Стреляя, Андрюха-Конь медленно поводит пулеметом.
Кто-то из парней идёт к нему, на ходу снимая оружие с предохранителя и досылая патрон в патронник. Кто-то присаживаются на одно колено у края крыши, кто-то встаёт рядом с Андрюхой.
Я смеюсь, мне смешно.
Вижу среди стреляющих Монаха. Он пьян. Стоит широко расставив ноги:
- Мы куплены дорогою ценою! - кричит Монах и стреляет, - Мы куплены дорогою ценою!
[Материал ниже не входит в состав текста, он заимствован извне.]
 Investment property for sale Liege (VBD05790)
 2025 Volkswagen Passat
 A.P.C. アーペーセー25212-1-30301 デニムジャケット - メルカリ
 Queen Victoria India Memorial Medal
По кругу идет бутылка водки. Мы пьём и раскрываем рты, и в паленые наши пасти каплет ржавый грозненский дождь. Кидаем непочатый пузырь, стоящим у края крыши. Бутылку ловят.
Андрюха пьёт, прекратив ненадолго стрельбу, и отдает бутылку Монаху. Тот допивает, и, закашлявшись, бросает пузырь с крыши, и сам едва не падает - его ловит за шиворот Андрюха.
Пока происходит эта возня, никто из наших не стреляет.
Кто-то менял рожки, Андрюха мочился с крыши, когда из «хрущёвок» раздалась автоматная очередь.
- Ложись! - орёт Столяр. Все, кроме Андрюхи ложатся.
Пока на Андрюху хором умоляли лечь, он убрал член в штаны, и, сказав неопределенно «Сейчас я им на хуй…», дал ещё одну длинную очередь.
- Мы куплены дорогой ценой! - снова вопит Монах, и я чувствую по голосу, что он от остервененья протрезвел.